Written by Kathleen Glancy
(2/17/2011 11:17 a.m.)
Emma's behaviour in Chapter 26 I find hard to forgive. It is bad enough that she has formed an unpleasant fantasy about Jane Fairfax and Mr Dixon, on very flimsy evidence - we, of course, have the advantage of knowing that it must be a fantasy since the narrator told us back in Chapter 20 that Miss Campbell engaged the affections of Mr. Dixon almost as soon as they were acquainted. It is almost as if Emma was looking for something bad to think about Jane. And now she decides to share her nasty beliefs with a man she has known for less than a week. The fact that Frank Churchill does not politely stop this line of conversation (he could simply have said "Miss Woodhouse, I cannot agree with you and I think we should change the subject.") at once speaks very ill of his character too, but two wrongs do not make a right and the fact that he encourages her to develop her theme does not excuse Emma for ever having raised the subject.

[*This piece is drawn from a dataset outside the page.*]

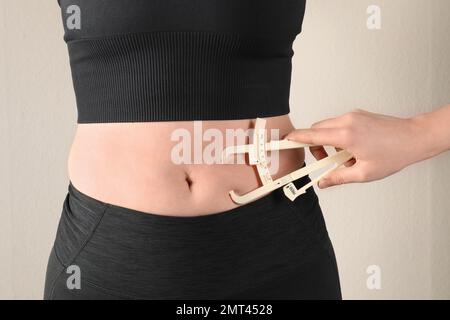 Nutrizionista misurazione dello strato di grasso corporeo della donna con calibro su sfondo beige, primo piano Foto Stock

And she knows it herself - in Chapter 27 when she reflects on the previous evening "She doubted whether she had not transgressed the duty of woman by woman, in betraying her suspicions of Jane Fairfax's feelings to Frank Churchill. It was hardly right; but it had been so strong an idea, that it would escape her, and his submission to all that she told, was a compliment to her penetration which made it difficult for her to be quite certain that she ought to have held her tongue." Can there be any readers who are not quite certain that she definitely should have done that? Had John Knightley only been present and overheard her, he might have given her some legal advice on the subject of slander.